_Task item:_ Would you print the lines below exactly, beginning at the line that has "Chicken breast in" and stopping after the line that has "May include: Two"? Only those lines, and no pictures.

_Working data:_
----
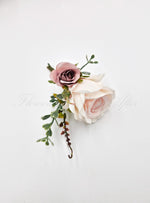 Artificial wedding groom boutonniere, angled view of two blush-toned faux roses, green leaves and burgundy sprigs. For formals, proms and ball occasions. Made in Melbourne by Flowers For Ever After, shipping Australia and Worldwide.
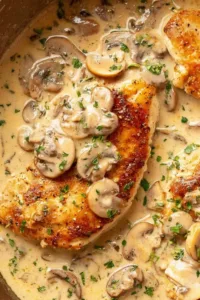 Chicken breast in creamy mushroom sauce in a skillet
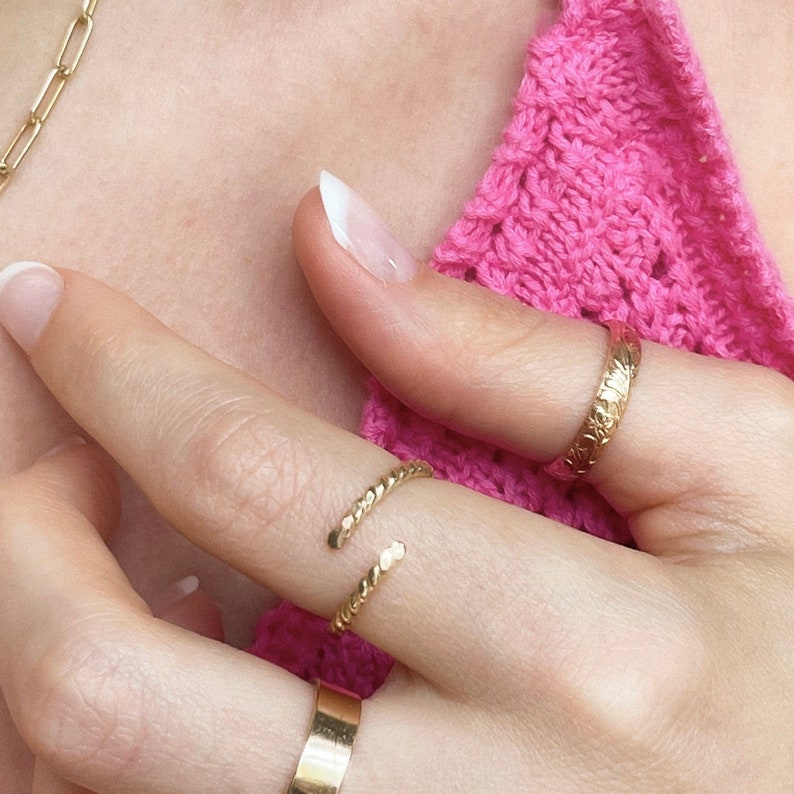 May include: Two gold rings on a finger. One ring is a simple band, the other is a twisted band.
----
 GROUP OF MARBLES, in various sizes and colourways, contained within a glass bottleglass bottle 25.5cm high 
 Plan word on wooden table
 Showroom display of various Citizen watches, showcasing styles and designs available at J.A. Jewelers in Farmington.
----
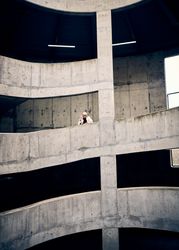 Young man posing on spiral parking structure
----
_Answer space:_
 Chicken breast in creamy mushroom sauce in a skillet
 May include: Two gold rings on a finger. One ring is a simple band, the other is a twisted band.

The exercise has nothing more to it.